BRAND: But first, the hammer is returning to the toolbox. Congressman Tom DeLay, the former House Majority Leader and famously effectively legislator, hence the hammer name, announced this morning that he will resign his Texas seat and not seek reelection. DeLay explained his decision this morning on Fox News.

Representative TOM DELAY (Republican, Texas): The challenge has always been in the interest of the conservative cause and the Republican majority. And my, I'm more interested in growing the Republican majority than my own future. I can still be out there working for the Republican majority and the conservative movement and not jeopardize this seat.

BRAND: And joining us to analyze the DeLay resignation is John Dickerson. He's chief political correspondent for the online magazine Slate, and a regular guest here on DAY TO DAY. And John, DeLay says he's stepping down because he doesn't want to endanger this seat, that the fight for his reelection be too nasty and expensive, and that he might actually lose that seat. Does this sound like the Tom DeLay we all know?

Mr. JOHN DICKERSON (Chief Political Columnist, Slate): Well, no, it doesn't. He is, the one we know is a tenacious fighter, and one of the things you learn covering Tom DeLay and that we all had to learn when the Republicans took over about him, is that mostly when the odds were stacked against him, he would win, and he would pull out victories when the conventional wisdom was going the other way. So, this doesn't sound like him at all. And it means his race must really have looked bad to him when he made his decision.

BRAND: Now, let's talk about the Jack Abramoff lobbying scandal and how it may relate to this decision or not. Two of his former aides have pleaded guilty. The latest was just last week, Tony Rudy. Is this just mere coincidence?

Mr. DICKERSON: No, not at all. I mean, DeLay says that he's in legal jeopardy, and of course he's going to say that. But even if he's in no legal jeopardy, this obviously contributed to the enormous cloud around him. And one of the challenges for DeLay has always been the way he does business. And he's unapologetic about it, even in his exit interviews with Time Magazine and others. He talks about how they took over K Street and won the lobbying battle in Washington. He's, you know, neck deep in lobbying in Washington, and so when these lobbyists get in trouble, it doesn't take a great leap to join them to Tom DeLay even if there's no specific illegal activity.

BRAND: Now, DeLay stepped down from his leadership post last year. How has his absence affected the Republican agenda?

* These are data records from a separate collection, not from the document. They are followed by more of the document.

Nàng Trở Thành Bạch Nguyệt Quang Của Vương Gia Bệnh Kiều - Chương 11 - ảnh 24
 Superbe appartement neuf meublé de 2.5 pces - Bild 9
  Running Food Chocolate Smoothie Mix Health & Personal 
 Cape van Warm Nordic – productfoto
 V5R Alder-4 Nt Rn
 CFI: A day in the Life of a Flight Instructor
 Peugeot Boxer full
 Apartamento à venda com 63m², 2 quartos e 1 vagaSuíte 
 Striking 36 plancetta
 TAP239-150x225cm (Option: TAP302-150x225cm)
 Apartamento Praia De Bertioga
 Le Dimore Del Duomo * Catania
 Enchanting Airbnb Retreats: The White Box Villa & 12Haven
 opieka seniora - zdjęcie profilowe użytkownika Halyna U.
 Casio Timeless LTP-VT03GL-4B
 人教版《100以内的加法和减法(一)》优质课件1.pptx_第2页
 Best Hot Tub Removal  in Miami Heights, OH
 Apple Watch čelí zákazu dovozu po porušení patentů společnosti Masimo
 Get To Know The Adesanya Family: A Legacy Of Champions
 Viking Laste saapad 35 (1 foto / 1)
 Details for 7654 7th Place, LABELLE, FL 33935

Mr. DICKERSON: Well, it's hard to say, because so much of the Republican agenda has been confused and mixed up because of what the president has done both in Iraq, and then on the Dubai Port deal, and in the immigration debate. So a lot of the agenda has been affected by the president's behavior. But what you hear from people in the House is that, essentially, it's been a huge distraction. The Republicans have had to put a new team together. That new team needs to get its sort of legs underneath them as they learn how to count votes and pressure people. And really no one, no matter how good a team they put together in the post-DeLay era, no one has his talent for knowing where the votes are, knowing where each individual member's pressure points are, and being able to play that inside game. There's just no one like Tom DeLay.

BRAND: Is DeLay's resignation good news for Republicans running for reelection in November? Is there enough time now for them to distance themselves from the lobbying scandal?

Mr. DICKERSON: Well, we'll have to see how this plays out. In the short term, it makes Democrats feel great. They've, you know, the king killer, they've gotten rid of Tom DeLay, the great boogey man. On the other hand, they've now lost the great boogey man, Tom DeLay, and Republicans can put the sort of notion of a culture of corruption behind them. So Democrats who are maybe motivated for the moment, but Republicans could use this as a way to kind of turn the page from the DeLay era, but we'll just have to see how that works out.

BRAND: Opinion and analysis from John Dickerson. He's chief political correspondent for the online magazine Slate. Thank you, John.

Mr. DICKERSON: Thank you.

Copyright © 2006 NPR. All rights reserved. No quotes from the materials contained herein may be used in any media without attribution to NPR. This transcript is provided for personal, noncommercial use only, pursuant to our Terms of Use. Any other use requires NPR's prior permission. Visit our permissions page for further information.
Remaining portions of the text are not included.